Together with , HMS Bermuda, HMS Eagle, seven destroyers, and two frigates she escorted Queen Elizabeth II and Duke of Edinburgh on board the royal yacht Britannia at the end of their world tour to Malta where they arrived on 2 May 1954. She was still in the Mediterranean Fleet when together with HMS Gambia she participated in August 1954 in the withdrawal of 40 Commando Royal Marines from Port Said.

In 1955 Glasgow returned to the UK and, from May 1955 onwards, rejoined the Home Fleet as flagship of the Flag Officer D (Flotillas) before being paid off at Portsmouth in November 1956. The Suez crisis in 1956 caused Glasgow to be temporarily recommissioned.

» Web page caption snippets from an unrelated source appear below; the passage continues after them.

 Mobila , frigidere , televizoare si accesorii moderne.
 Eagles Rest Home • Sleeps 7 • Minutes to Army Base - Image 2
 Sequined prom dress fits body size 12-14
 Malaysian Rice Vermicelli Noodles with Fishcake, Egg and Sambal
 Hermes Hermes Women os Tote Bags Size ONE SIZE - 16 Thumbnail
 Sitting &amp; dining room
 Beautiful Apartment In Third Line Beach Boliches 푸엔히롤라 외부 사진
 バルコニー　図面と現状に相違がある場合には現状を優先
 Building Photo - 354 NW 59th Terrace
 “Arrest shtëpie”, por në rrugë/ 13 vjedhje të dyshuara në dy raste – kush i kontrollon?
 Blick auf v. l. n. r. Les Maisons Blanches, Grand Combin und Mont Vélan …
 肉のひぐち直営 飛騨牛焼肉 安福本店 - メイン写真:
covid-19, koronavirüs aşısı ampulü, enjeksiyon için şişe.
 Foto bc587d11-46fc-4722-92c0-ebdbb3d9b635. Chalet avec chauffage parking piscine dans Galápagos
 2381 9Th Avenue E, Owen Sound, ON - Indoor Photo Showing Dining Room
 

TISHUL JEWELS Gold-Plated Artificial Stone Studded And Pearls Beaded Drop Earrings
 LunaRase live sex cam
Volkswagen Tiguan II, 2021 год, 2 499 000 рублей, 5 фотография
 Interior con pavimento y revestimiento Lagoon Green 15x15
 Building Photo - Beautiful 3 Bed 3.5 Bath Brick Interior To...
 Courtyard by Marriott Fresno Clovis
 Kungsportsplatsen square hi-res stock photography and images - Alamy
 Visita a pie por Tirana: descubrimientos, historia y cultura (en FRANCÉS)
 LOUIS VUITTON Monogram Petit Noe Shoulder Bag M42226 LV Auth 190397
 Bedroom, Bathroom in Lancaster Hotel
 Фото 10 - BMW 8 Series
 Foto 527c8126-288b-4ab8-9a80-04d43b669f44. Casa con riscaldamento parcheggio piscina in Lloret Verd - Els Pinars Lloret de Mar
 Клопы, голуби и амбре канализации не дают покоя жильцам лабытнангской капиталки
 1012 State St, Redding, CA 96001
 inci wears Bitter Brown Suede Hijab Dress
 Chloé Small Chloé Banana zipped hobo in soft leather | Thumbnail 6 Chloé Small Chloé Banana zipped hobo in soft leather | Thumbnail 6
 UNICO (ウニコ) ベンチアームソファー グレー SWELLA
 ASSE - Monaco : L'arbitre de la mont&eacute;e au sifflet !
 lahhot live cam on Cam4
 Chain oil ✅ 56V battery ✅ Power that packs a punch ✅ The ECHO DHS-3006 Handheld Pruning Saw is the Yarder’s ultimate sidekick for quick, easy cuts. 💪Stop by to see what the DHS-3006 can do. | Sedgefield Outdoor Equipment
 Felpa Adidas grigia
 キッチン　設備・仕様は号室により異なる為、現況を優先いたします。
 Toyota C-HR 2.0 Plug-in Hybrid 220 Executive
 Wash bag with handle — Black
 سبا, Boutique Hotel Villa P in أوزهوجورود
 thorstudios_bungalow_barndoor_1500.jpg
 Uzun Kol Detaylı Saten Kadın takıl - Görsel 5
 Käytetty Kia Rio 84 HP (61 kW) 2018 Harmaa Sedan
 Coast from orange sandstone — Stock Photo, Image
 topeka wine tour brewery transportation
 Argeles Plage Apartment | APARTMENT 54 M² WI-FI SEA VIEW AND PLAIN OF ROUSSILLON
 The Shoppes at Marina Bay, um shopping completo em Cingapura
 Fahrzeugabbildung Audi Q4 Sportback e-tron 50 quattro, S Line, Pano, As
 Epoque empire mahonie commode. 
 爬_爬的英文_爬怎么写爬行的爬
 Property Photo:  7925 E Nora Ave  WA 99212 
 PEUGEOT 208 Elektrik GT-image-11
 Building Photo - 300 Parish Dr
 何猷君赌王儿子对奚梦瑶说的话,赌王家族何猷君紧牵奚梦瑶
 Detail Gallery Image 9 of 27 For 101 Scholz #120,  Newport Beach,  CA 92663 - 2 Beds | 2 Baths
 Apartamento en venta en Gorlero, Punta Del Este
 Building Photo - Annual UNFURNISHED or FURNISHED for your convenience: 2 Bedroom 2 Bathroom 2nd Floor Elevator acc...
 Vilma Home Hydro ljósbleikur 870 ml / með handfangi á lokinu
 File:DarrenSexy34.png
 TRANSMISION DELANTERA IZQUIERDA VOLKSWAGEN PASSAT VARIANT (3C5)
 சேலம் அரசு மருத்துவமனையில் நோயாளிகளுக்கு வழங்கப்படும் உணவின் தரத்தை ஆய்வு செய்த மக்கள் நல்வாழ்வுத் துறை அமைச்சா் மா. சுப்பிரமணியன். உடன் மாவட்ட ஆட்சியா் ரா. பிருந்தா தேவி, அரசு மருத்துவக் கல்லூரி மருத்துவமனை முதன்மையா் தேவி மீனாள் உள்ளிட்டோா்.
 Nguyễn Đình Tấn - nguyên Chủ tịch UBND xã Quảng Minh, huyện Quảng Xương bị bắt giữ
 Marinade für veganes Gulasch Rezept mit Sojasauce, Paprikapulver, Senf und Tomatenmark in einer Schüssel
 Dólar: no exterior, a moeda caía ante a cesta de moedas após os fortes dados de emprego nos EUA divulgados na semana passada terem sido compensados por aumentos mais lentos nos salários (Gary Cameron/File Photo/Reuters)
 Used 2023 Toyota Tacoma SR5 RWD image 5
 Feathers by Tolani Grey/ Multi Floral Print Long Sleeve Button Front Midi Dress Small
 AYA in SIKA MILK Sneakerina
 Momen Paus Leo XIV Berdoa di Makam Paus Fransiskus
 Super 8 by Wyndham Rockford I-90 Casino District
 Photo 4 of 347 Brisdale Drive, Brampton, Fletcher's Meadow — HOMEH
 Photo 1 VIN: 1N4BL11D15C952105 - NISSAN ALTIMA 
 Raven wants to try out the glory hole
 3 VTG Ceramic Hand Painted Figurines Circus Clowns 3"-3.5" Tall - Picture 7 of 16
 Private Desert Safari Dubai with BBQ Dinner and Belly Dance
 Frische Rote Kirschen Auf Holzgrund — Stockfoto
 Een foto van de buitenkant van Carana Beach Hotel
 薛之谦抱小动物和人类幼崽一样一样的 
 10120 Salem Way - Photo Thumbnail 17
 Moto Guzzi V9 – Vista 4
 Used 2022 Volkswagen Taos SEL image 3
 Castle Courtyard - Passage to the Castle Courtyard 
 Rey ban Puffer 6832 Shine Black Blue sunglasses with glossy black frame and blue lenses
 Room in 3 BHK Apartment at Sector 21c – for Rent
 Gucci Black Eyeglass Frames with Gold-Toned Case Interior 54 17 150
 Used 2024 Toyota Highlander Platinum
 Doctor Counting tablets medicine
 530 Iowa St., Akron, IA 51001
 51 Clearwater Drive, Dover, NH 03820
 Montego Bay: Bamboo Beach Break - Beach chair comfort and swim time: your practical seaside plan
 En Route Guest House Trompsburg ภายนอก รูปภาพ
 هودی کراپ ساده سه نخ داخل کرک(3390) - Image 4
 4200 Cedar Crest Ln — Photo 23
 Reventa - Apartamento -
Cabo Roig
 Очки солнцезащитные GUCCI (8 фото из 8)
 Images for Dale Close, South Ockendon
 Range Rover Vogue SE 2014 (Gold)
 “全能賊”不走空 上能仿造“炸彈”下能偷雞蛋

=== Decommissioning and disposal ===
After the Suez Crisis it was decided that Glasgow was surplus to requirements and was paid off in November 1956. The warship was placed on the disposal list in March 1958 and was sold to BISCO for demolition. Departing Portsmouth on 4 July Glasgow arrived under tow on 8 July at Hughes Bolckow's yard in Blyth for breaking up.